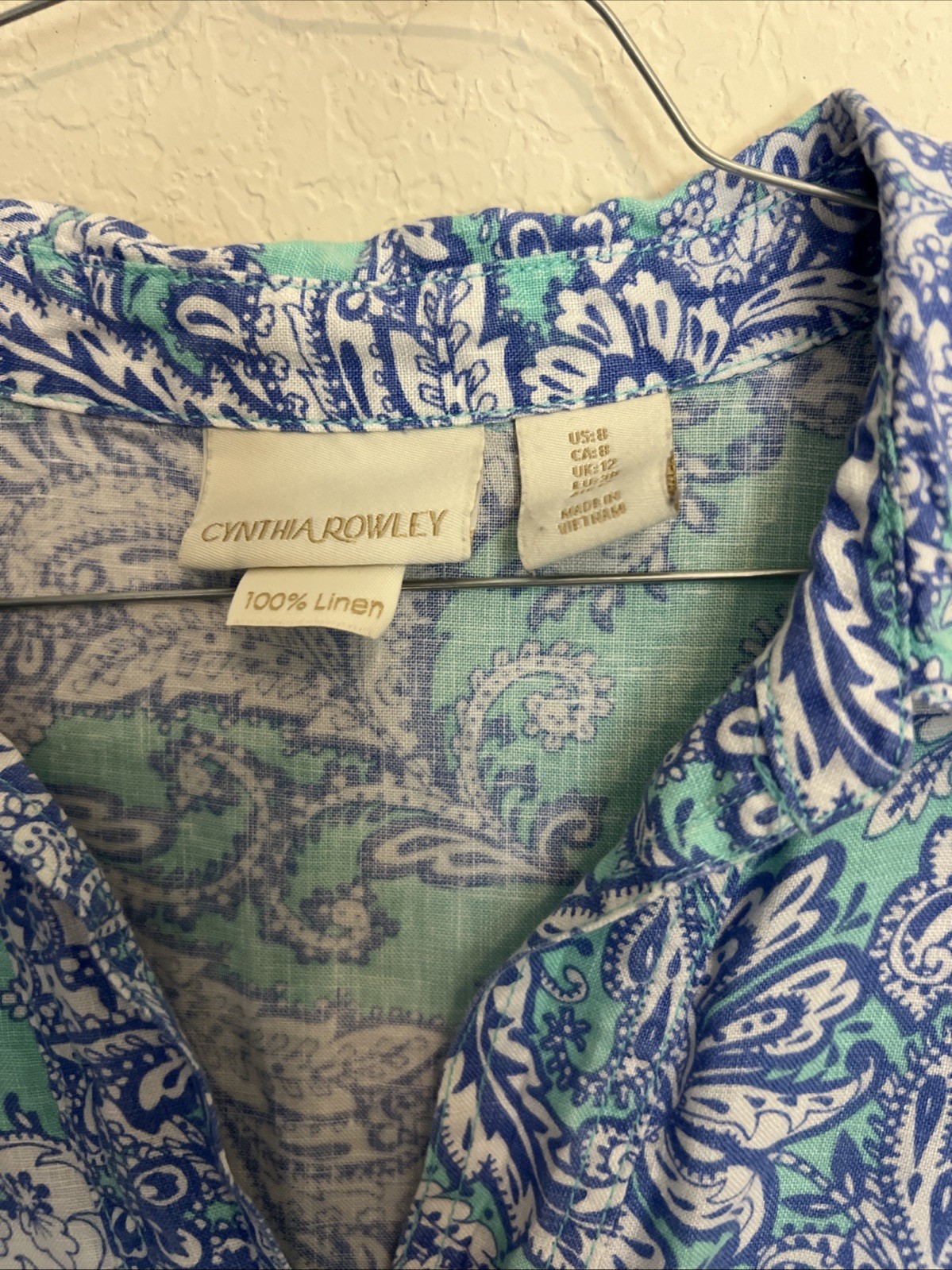 Cynthia Rowley- Light Shades Of Blue-100% Linen Paisley Sleeveless Sundress-Sz.8
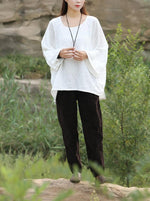 Long Batwing Sleeve Cotton Linen T-Shirt | Zen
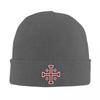 Jerusalem Cross Medieval Knights Cross Crusader Warm Knitted Cap Hip Hop Bonnet Hat Autumn Winter Beanies Hats for Unisex Womenx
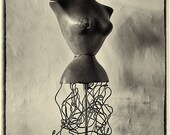 Belladonna 2.  11X14 fine art photograph, black and white print, antique feel, antique mannequin, woman, sepia tone, retro look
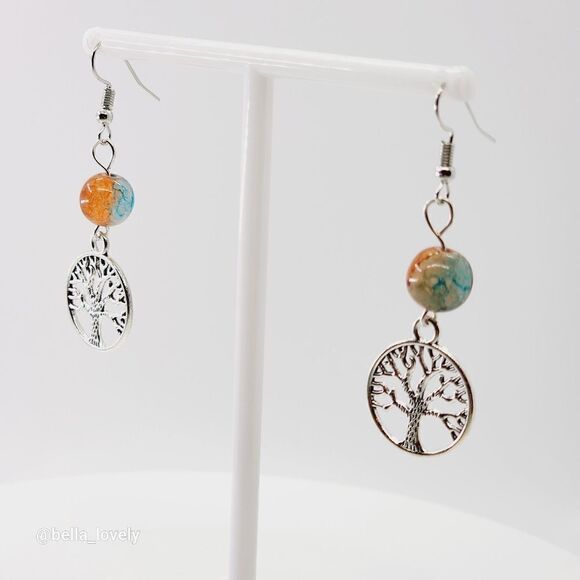 Tree of Life Blue Orange Fire Agate Tibetan Silver Toned Earrings - Picture 1 of 4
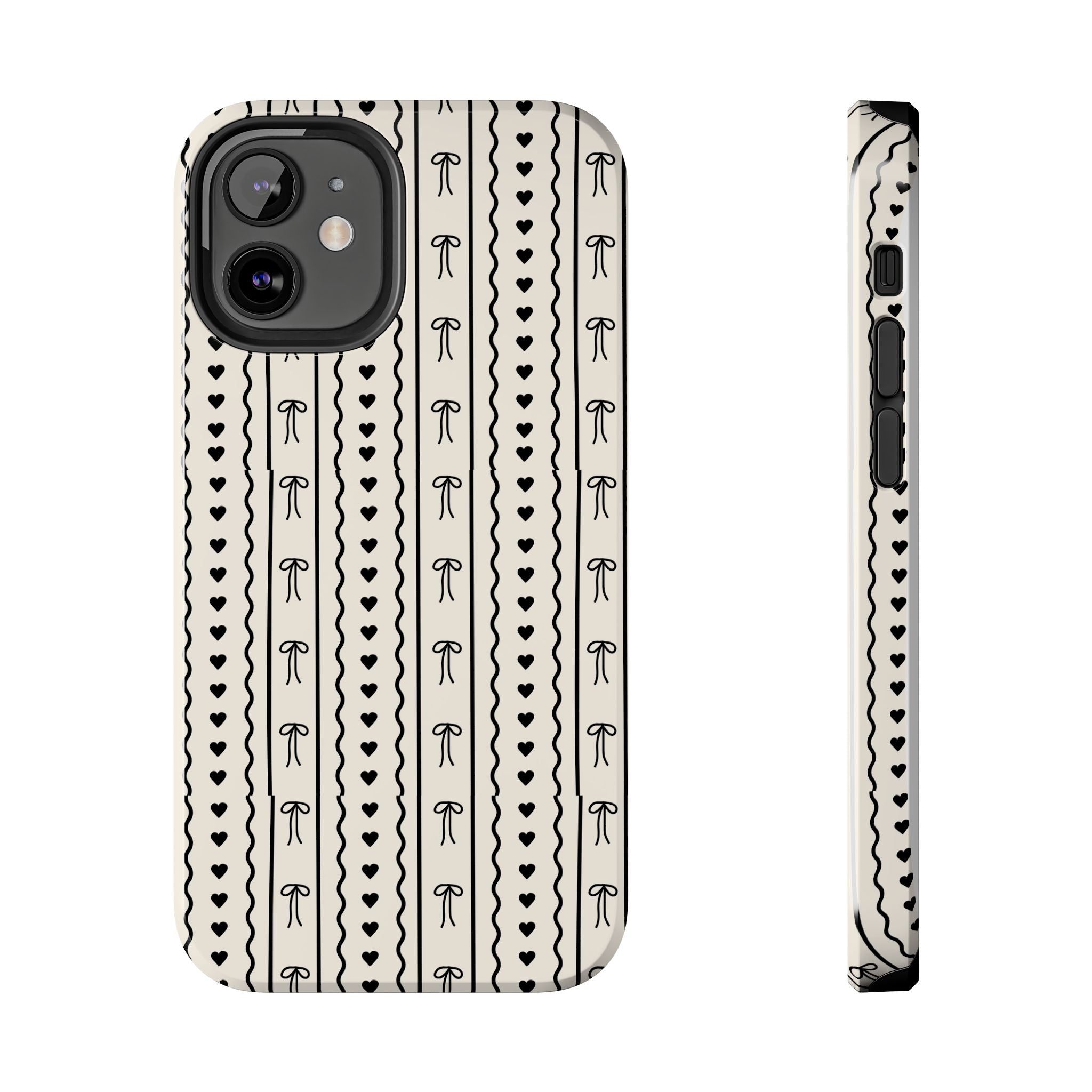 Black Heart & Bow Stripe Tough Phone Case — Cute Minimalist Protective Cover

(Your instructions):
Pictures stay out of the copy. Reproduce exactly the lines from the one containing "tone, retro look" through the last line of the records above, both included.

(Reply to the exercise):
 Belladonna 2.  11X14 fine art photograph, black and white print, antique feel, antique mannequin, woman, sepia tone, retro look
 Tree of Life Blue Orange Fire Agate Tibetan Silver Toned Earrings - Picture 1 of 4
 Black Heart & Bow Stripe Tough Phone Case — Cute Minimalist Protective Cover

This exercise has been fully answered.